▶ [WHAT YOU SHOULD DO]
Print the records below exactly, from the line containing "Giấy mời sự" down to the line containing "蓝田县2024年小升初语文检测卷含答案03", both lines included, and omit every picture.

▶ [RECORD EXCERPTS]

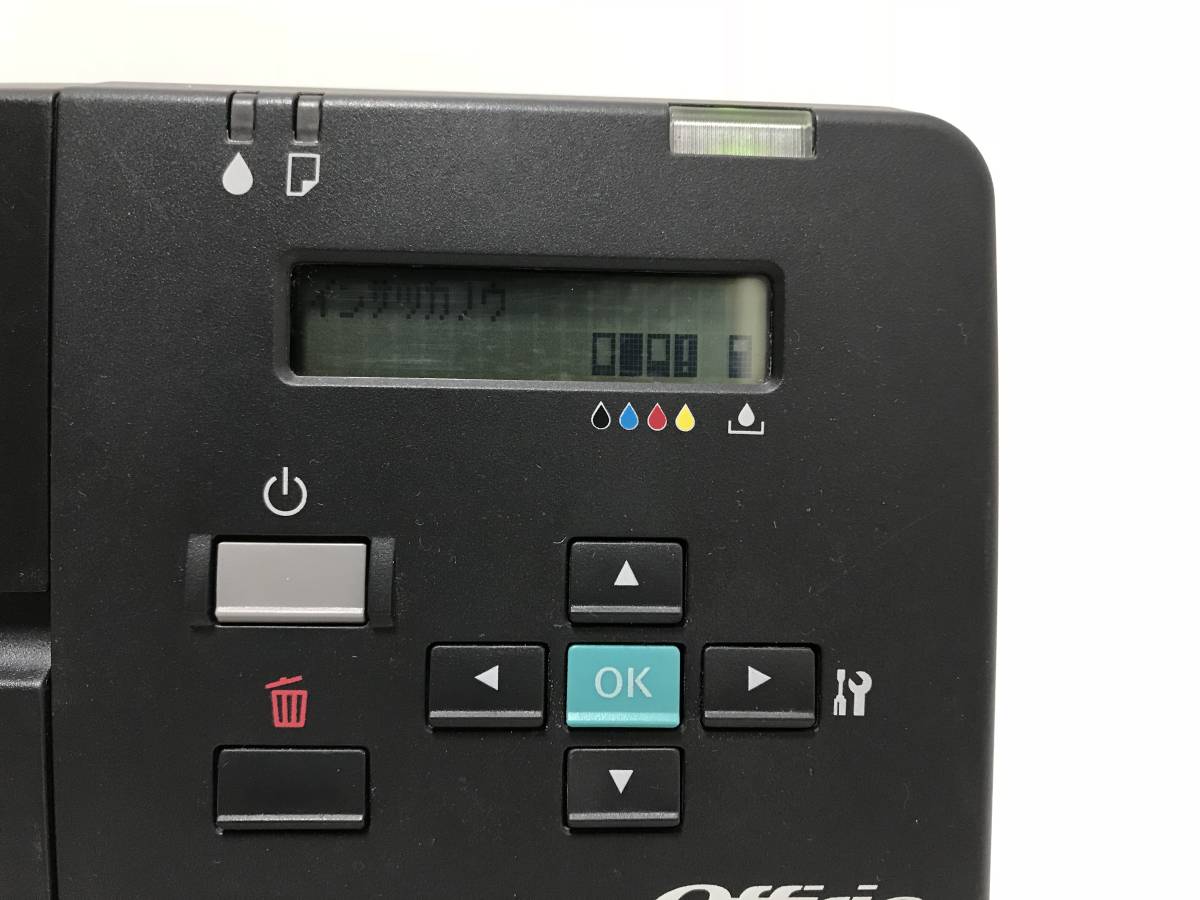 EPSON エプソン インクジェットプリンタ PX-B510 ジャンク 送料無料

* * *

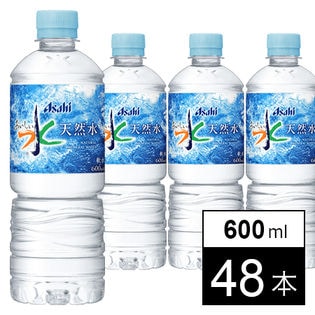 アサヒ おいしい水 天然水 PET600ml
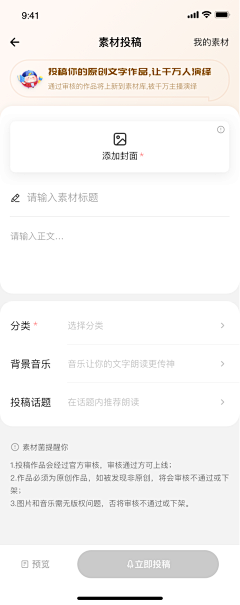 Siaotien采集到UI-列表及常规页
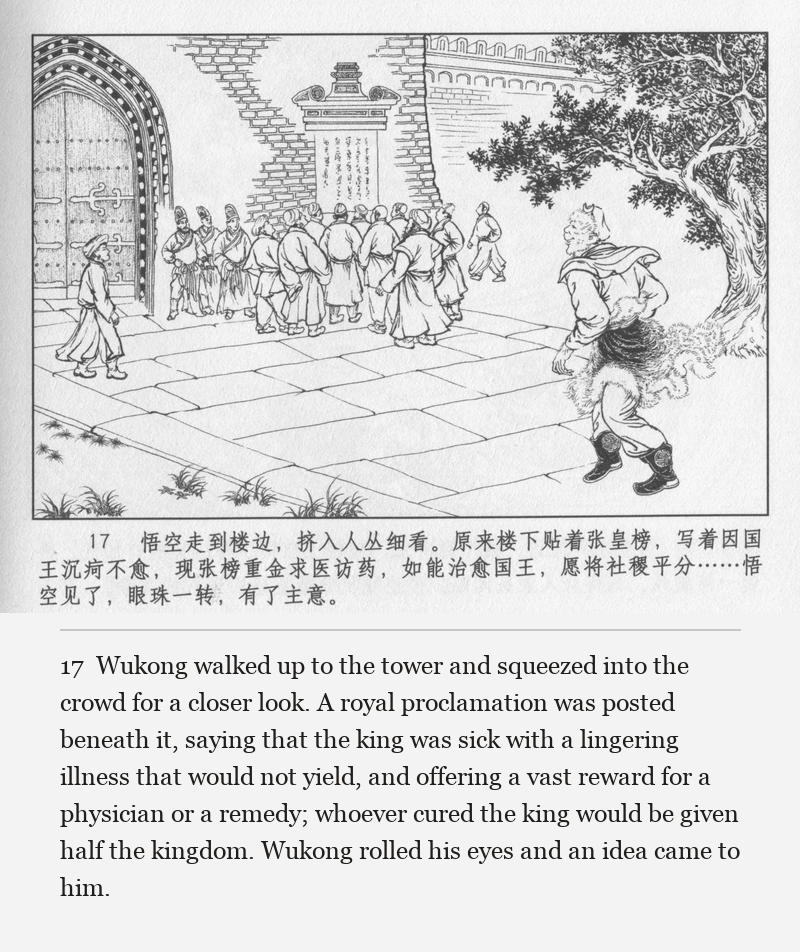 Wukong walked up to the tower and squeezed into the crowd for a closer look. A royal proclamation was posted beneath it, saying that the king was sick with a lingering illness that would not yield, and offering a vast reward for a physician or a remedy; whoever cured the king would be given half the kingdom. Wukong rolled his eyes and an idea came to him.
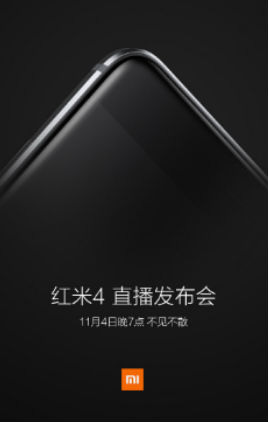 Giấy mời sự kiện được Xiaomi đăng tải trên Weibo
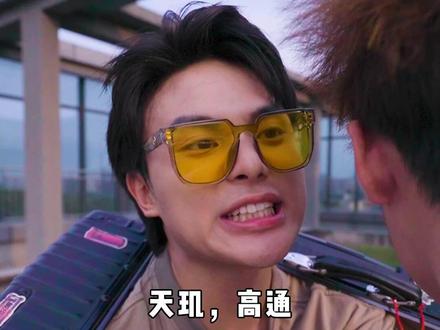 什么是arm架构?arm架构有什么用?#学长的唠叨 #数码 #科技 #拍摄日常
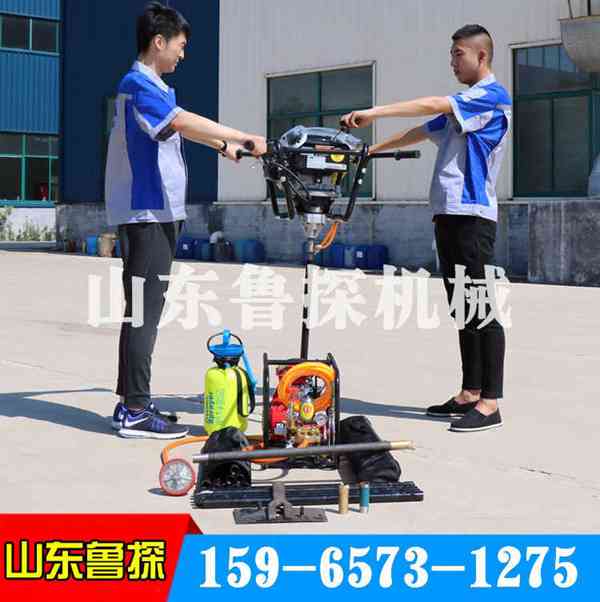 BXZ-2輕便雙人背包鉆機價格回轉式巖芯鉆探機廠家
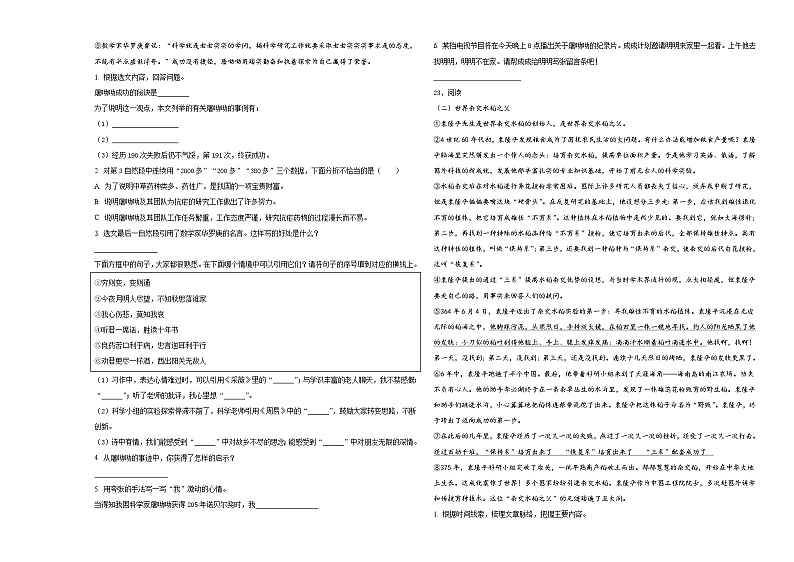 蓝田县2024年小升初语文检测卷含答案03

...

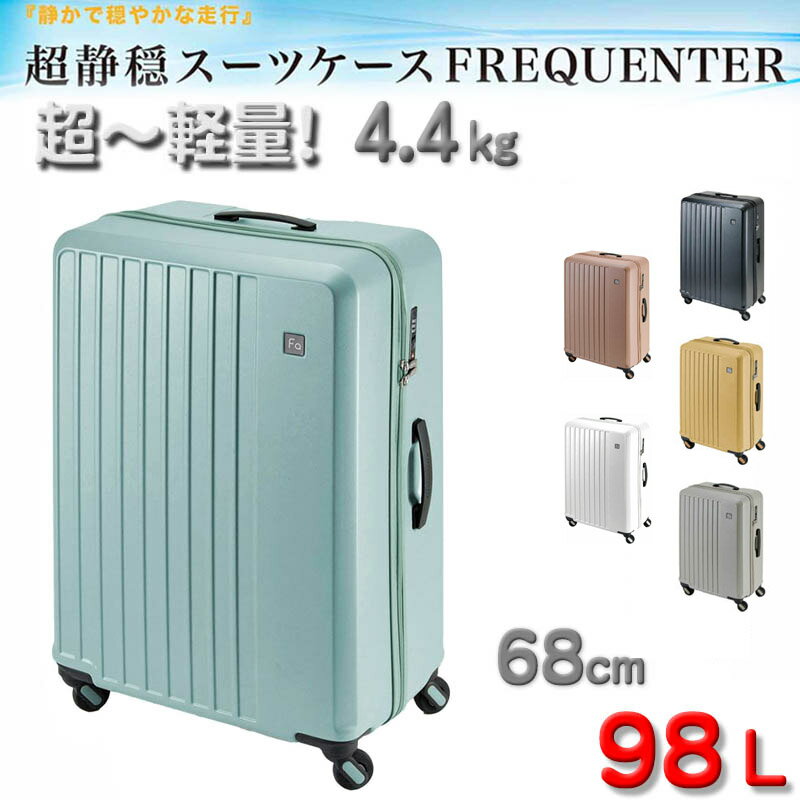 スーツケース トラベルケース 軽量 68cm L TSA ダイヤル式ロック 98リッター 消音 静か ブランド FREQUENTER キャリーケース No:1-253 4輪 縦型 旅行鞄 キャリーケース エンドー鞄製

▶ [RESPONSE]
 Giấy mời sự kiện được Xiaomi đăng tải trên Weibo
 什么是arm架构?arm架构有什么用?#学长的唠叨 #数码 #科技 #拍摄日常
 BXZ-2輕便雙人背包鉆機價格回轉式巖芯鉆探機廠家
 蓝田县2024年小升初语文检测卷含答案03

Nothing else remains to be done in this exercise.